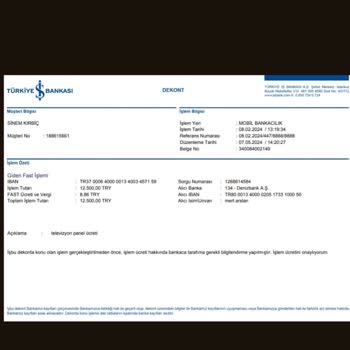 Kaya Teknik (İzmir) Şikayet Buca Kaya Teknik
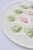 1920s Antique French Faience Oyster Platter For Sale - Image 5 of 10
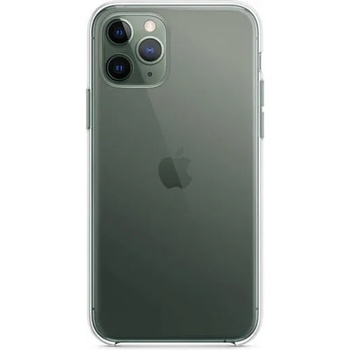 Apple iPhone 11 Pro Clear Case (MWYK2ZM/A)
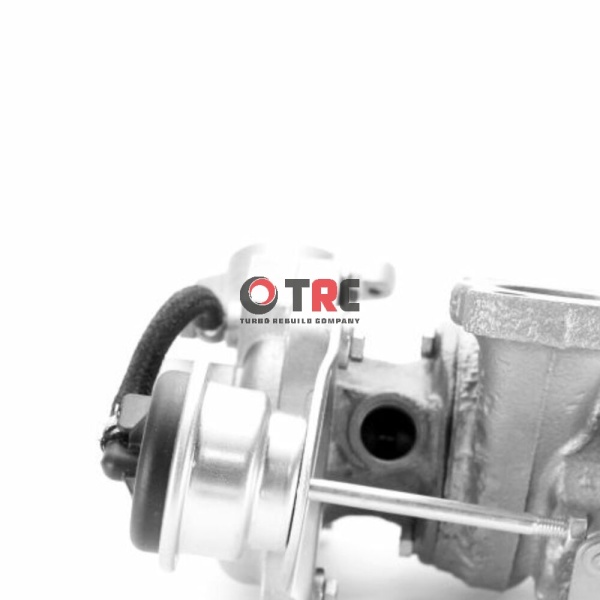 Турбина PEUGEOT-CITROEN 0375K0 CITROEN C1,C2,C3,PEUGEOT 1007,107, 206,2006,207,307, MAZDA 2 1.4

◇ ◇ ◇ ◇

# TRY IT
Take the line containing "1920s Antique French" and every line after it up to the end of the data, and write them out exactly, without the pictures.

# RESULT OF THE EXERCISE
 1920s Antique French Faience Oyster Platter For Sale - Image 5 of 10
 Apple iPhone 11 Pro Clear Case (MWYK2ZM/A)
 Турбина PEUGEOT-CITROEN 0375K0 CITROEN C1,C2,C3,PEUGEOT 1007,107, 206,2006,207,307, MAZDA 2 1.4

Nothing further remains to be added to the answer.